CBO discusses choices about revenues and spending that lawmakers face in addressing the shortfall in the Highway Trust Fund as well as options for subsidizing state and local governments’ financing of highway projects.
Summary
Federal spending on highways (or, synonymously, roads) totaled $46 billion in 2019. Most of those outlays were for grants to state and local governments to support their spending on capital projects. (Those governments typically spend roughly three times as much of their own funds on highways each year, not only on capital projects but also to operate and maintain roads.) That $46 billion also includes spending for federal programs that subsidize state and local governments’ borrowing for highway projects; other subsidies for state and local borrowing are provided through the tax code.
Most federal spending for highways is paid for by revenues credited to the highway account of the Highway Trust Fund, largely from excise taxes on gasoline, diesel, and other motor fuels. For more than a decade, those revenues have fallen short of federal spending on highways, prompting transfers from the Treasury’s general fund to the trust fund to make up the difference.

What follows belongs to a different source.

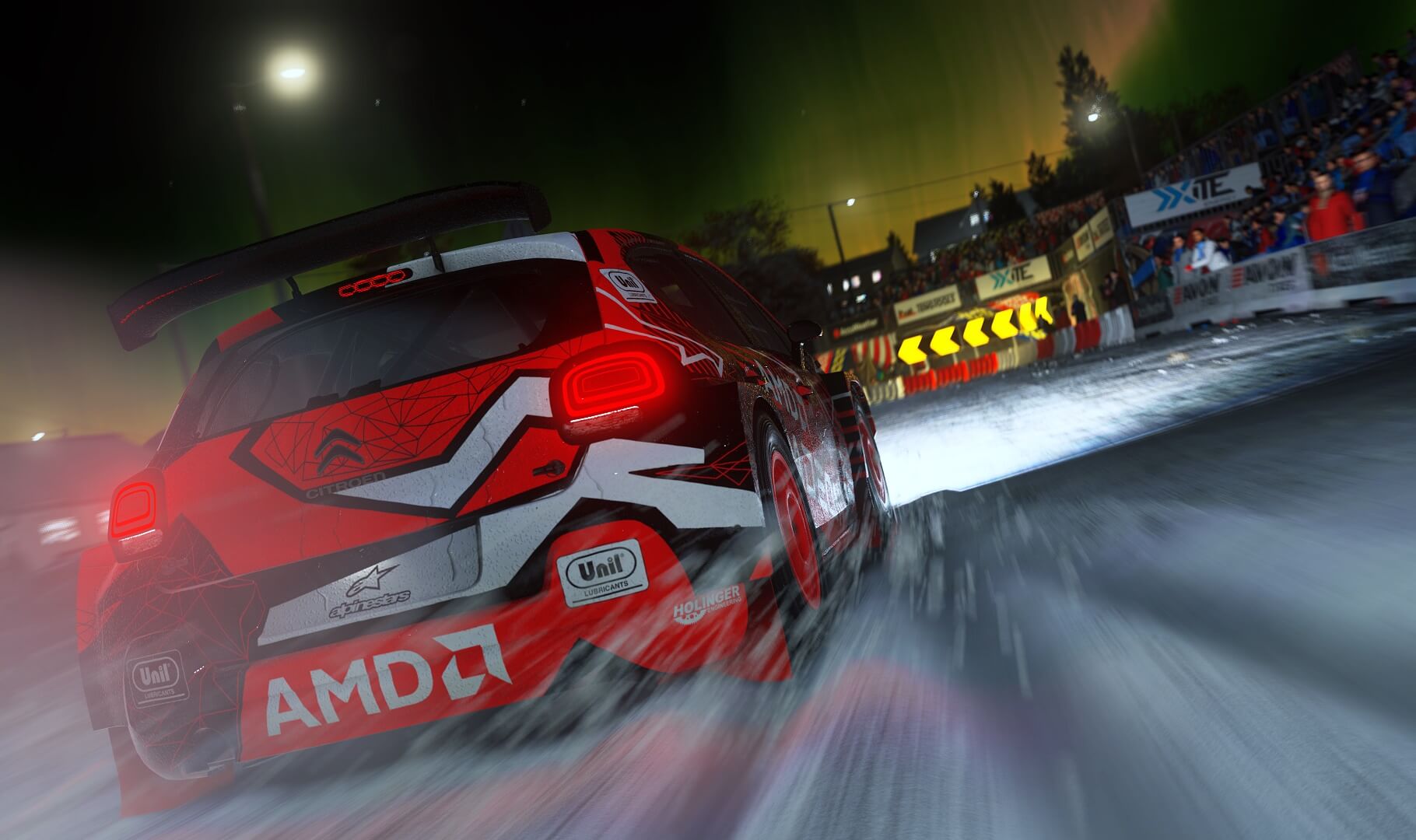 DIRT 5 Detalles del modo carrera 1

If the taxes that are currently credited to the trust fund remained in place and if funding for highway and transit programs increased annually at the rate of inflation, the shortfalls accumulated in the Highway Trust Fund’s highway and mass transit accounts from 2021 to 2030 would total $189 billion, according to the Congressional Budget Office’s baseline budget projections as of March 6, 2020. Those projections, which are based on the economic forecast that CBO completed on January 7, 2020, do not account for the changes to the nation’s economic outlook and fiscal situation that have stemmed from the 2020 coronavirus pandemic.

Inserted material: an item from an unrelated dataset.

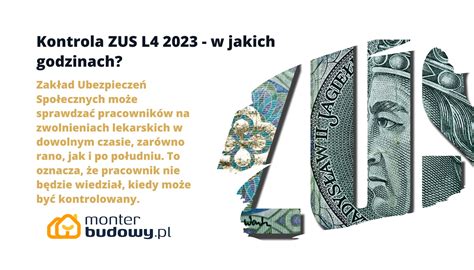 Kontrola Zus L W Jakich Godzinach Monterbudowy Pl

The current authorization for federal highway programs expires on September 30, 2020. As they consider reauthorization, policymakers have many decisions to make about federal highway programs, including how to pay for those programs, how much to spend on them and how to direct that spending, and how much to subsidize borrowing by others to finance highway projects.
Revenues Credited to the Highway Trust Fund
The Highway Trust Fund is an accounting mechanism in the federal budget with two accounts—one for highways and the other for mass transit—to which certain fuel and other vehicle-related excise tax collections are credited. According to CBO’s March projections, if the excise taxes are continued at their current rates and current funding for highway and transit programs increases annually at the rate of inflation, the revenues and accumulated balances of the Highway Trust Fund will be insufficient to cover spending from the transit account starting in 2021 and spending from the highway account beginning in 2022. In those projections, revenues credited to the Highway Trust Fund in 2020 total $44 billion, and outlays exceed revenues by about $14 billion.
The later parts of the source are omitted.